# Provided material:

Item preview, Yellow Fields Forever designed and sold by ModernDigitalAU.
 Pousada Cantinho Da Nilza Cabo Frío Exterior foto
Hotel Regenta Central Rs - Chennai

# What to work on:
Copy out the entire listing exactly.

# Response below:
Item preview, Yellow Fields Forever designed and sold by ModernDigitalAU.
 Pousada Cantinho Da Nilza Cabo Frío Exterior foto
Hotel Regenta Central Rs - Chennai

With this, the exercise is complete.